2-a eletroforese começa com eletroforese na primeira dimensão e então separa as moléculas perpendicularmente da primeira para criar um eletroferograma na segunda dimensão. Em eletroforese na primeira dimensão, as moléculas são separadas linearmente de acordo com seu ponto isoelétrico. Na segunda dimensão, as moléculas são então separadas a 90 graus do primeiro electroferograma de acordo com a massa molecular. Uma vez que é improvável que duas moléculas sejam semelhantes em duas propriedades distintas, as moléculas são mais efetivamente separadas em eletroforese 2-D do que em eletroforese 1-D.
as duas dimensões em que as proteínas são separadas usando esta técnica podem ser o ponto isoelétrico, a massa do complexo proteico no estado nativo, ou a massa proteica.
a separação das proteínas pelo ponto isoelétrico é chamada focagem isoelétrica (IEF). Assim, um gradiente de pH é aplicado a um gel e um potencial elétrico é aplicado em todo o gel, tornando uma extremidade mais positiva do que a outra. Em todos os valores de pH que não o seu ponto isoelétrico, proteínas serão carregadas. Se forem carregados positivamente, serão puxados para a extremidade mais negativa do gel e se forem carregados negativamente serão puxados para a extremidade mais positiva do gel. As proteínas aplicadas na primeira dimensão movem-se ao longo do gel e acumulam-se no seu ponto isoeléctrico; isto é, o ponto em que a carga global sobre a proteína é 0 (uma carga neutra).
para a análise do funcionamento das proteínas numa célula, o conhecimento da sua cooperação é essencial. Na maioria das vezes, as proteínas agem juntas em complexos para serem totalmente funcionais. A análise desta sub-organela organização da célula requer técnicas de conservação do estado nativo dos complexos proteicos. Na eletroforese em gel de poliacrilamida nativa (página nativa), as proteínas permanecem em seu estado nativo e são separadas no campo elétrico seguindo sua massa e a massa de seus complexos, respectivamente. Para obter uma separação por tamanho e não por carga líquida, como no IEF, uma carga adicional é transferida para as proteínas pelo uso de azul brilhante Coomassie ou sulfato de dodecilo de lítio. Após a conclusão da primeira dimensão, os complexos são destruídos aplicando a página SDS de desnaturação na segunda dimensão, onde as proteínas de que os complexos são compostos são separadas por sua massa.

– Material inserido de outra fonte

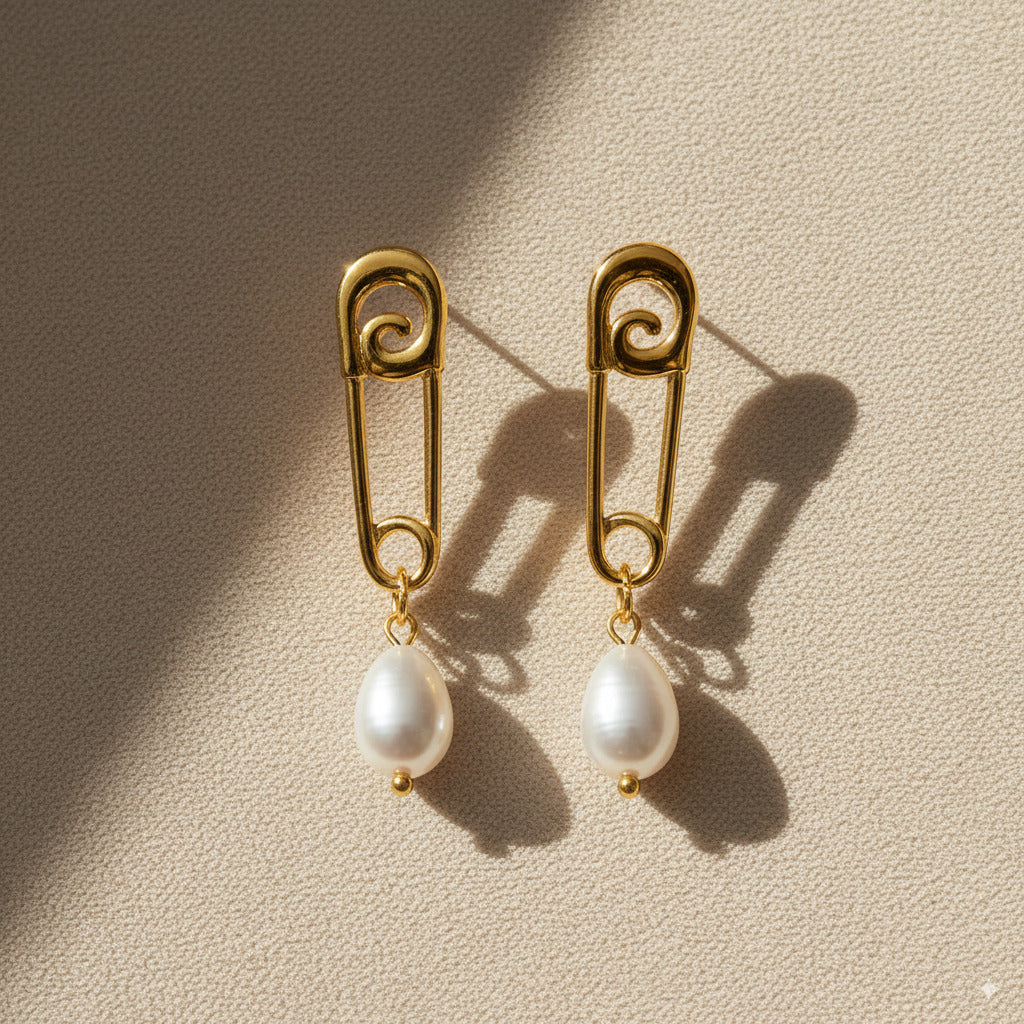 Safety Pin Pearl Drop Earrings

Antes de separar as proteínas em massa, são tratadas com sulfato de dodecilo de sódio (SDS) juntamente com outros reagentes (SDS-PAGE in 1-D). Isto denota as proteínas (isto é, desdobra-as em moléculas longas e rectas) e liga um número de moléculas SDS aproximadamente proporcional ao comprimento da proteína. Porque o comprimento de uma proteína (quando desdobrada) é aproximadamente proporcional à sua massa, isto é equivalente a dizer que ela liga um número de moléculas SDS aproximadamente proporcional à massa da proteína. Uma vez que as moléculas SDS são carregadas negativamente, o resultado disso é que todas as proteínas terão aproximadamente a mesma razão massa-carga que as outras. Além disso, as proteínas não serão migradas quando eles não têm carga (resultado da isoeléctrico foco passo), portanto, o revestimento de proteína na ficha de dados de segurança (carregadas negativamente) que permite a migração das proteínas na segunda dimensão (SDS-PAGE, ele não é compatível para utilização na primeira dimensão, como é cobrado e não-iónico ou zwitterionic detergente precisa ser usado).Na segunda dimensão, um potencial elétrico é aplicado, mas em um ângulo de 90 graus a partir do primeiro campo. As proteínas serão atraídas para o lado mais positivo do gel (porque a SDS é negativamente carregada) proporcionalmente à sua razão massa-carga. Como explicado anteriormente, esta proporção será quase a mesma para todas as proteínas. O progresso das proteínas será retardado por forças de fricção. O gel age, portanto, como um crivo molecular quando a corrente é aplicada, separando as proteínas com base no seu peso molecular com proteínas maiores sendo retidas mais elevadas no gel e proteínas menores sendo capazes de passar através do crivo e chegar a regiões mais baixas do gel.